What is the best way to convert all non display characters in a pandas dataframe?

647 Views Asked by At

I am loading data into a pandas dataframe from an Excel sheet and there are a lot of non display characters in many columns that I want to convert.

The most prevalent is an apostrophe being used in a contraction ; e.g. doesn't which comes out as doesn’t.

In the past I have used :

str.encode('ascii', errors='ignore').decode('utf-8')

but this required me to know which columns I needed to fix.

In this case I have 103 columns which could each contain this or other types of issues like this.

I am looking for a way to just replace any and all issues across the entire dataframe.

Is there a quick and easy way to do this over the entire dataframe without having to pass in each column to a function ?

2

There are 2 best solutions below

1
NYC Coder On

While reading the excel you should add encoding='utf-8'

df = pd.read_excel('App Stuff.xlsx', encoding='utf-8')

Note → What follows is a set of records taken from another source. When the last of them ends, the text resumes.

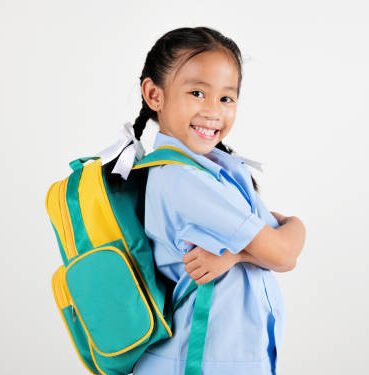 Portrait smiling Asian little girl kindergarten with schoolbag crossed arms studio shot isolated white background, good job feedback, happy woman kid in pigtails wearing school uniform, back to school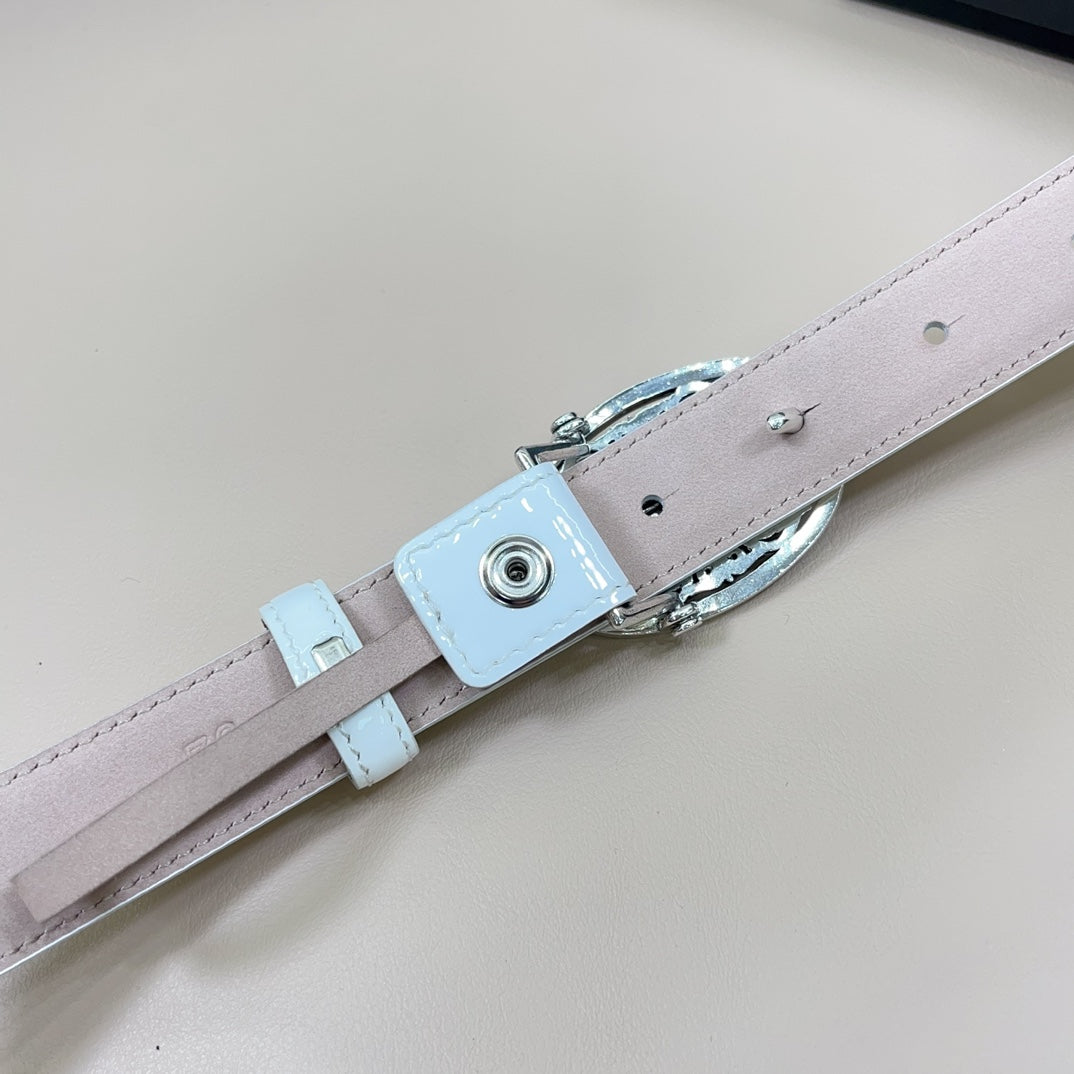 White leather belt with silver prong, light blue keeper strap, and punched holes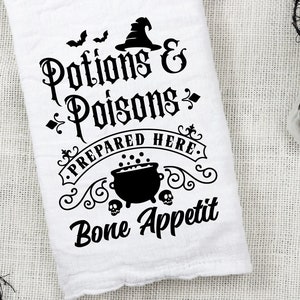 Könnte beinhalten: Ein weißes Küchentuch mit schwarzem Text, der "Tränke & Gifte Hier zubereitet. Guten Appetit" lautet. Der Text ist in gotischer Schrift und enthält einen Kessel mit Blasen und Schädeln.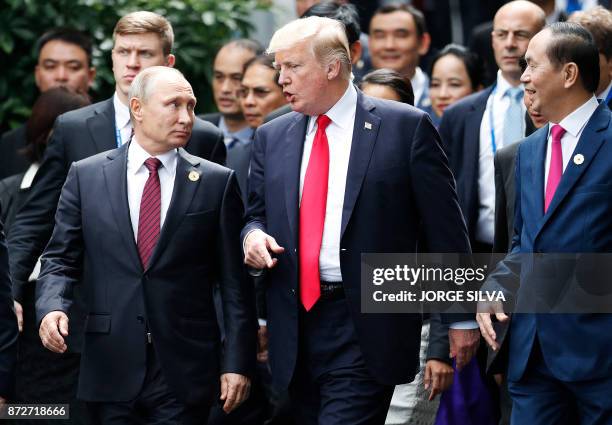 President Donald Trump and Russia's President Vladimir Putin talk as they make their way to take the "family photo" during the Asia-Pacific Economic...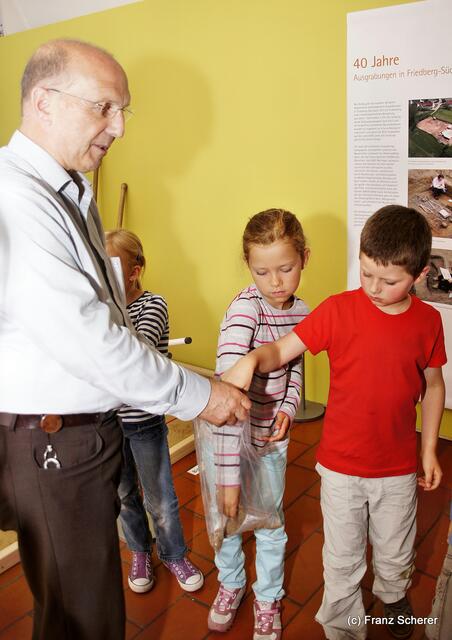 Botschaft an die Zukunft. Kinderprogramm zur Sonderausstellung "Ausgegraben - Archäologie am Friedberger Lechrain" im Museum im Friedberger Wittelbacher Schloss - Museumskustos Hans Beil verteilt Materialproben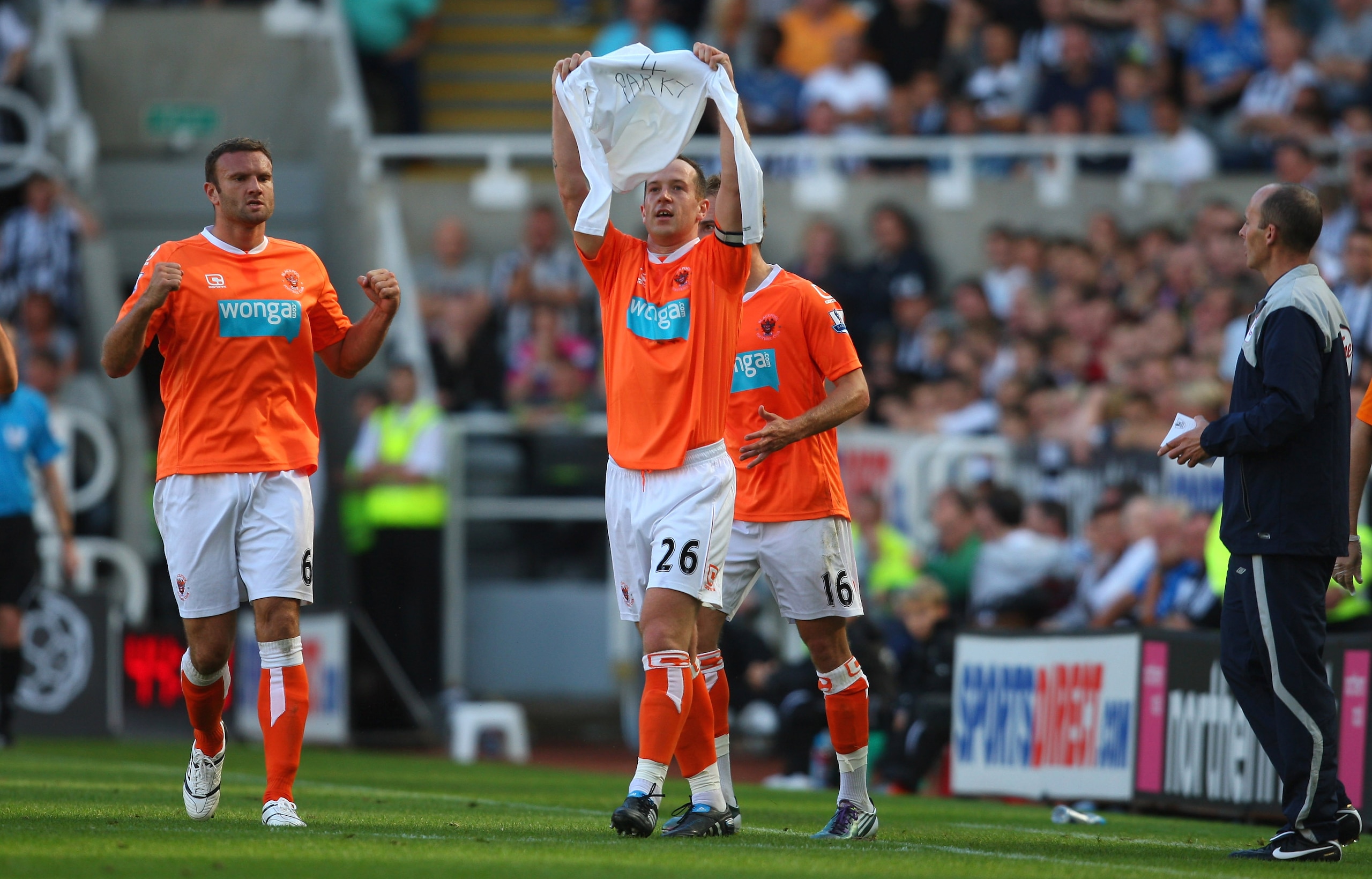 NEWCASTLE UPON TYNE, ENGLAND - SEPTEMBER 11: Blackpool player Charlie Adam celebrates after scoring during the Barclays Premier League match between Newcastle United and Blackpool at St James' Park on September 11, 2010 in Newcastle upon Tyne, England. NEWCASTLE UPON TYNE, ENGLAND - SEPTEMBER 11: Blackpool player Charlie Adam celebrates after scoring during the Barclays Premier League match between Newcastle United and Blackpool at St James' Park on September 11, 2010 in Newcastle upon Tyne, England.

or use encoding='unicode-escape'

0
Ehsan On

Try to find the best encodings which are suitable for your file with :

from encodings.aliases import aliases
alias_values = set(aliases.values())

for value in alias_values:
    try:
        df = pd.read_csv(your_file, encoding=value) # or pd.read_excel
        print(value)
    except:
        continue

then open your file with the right encodings and see which one works best!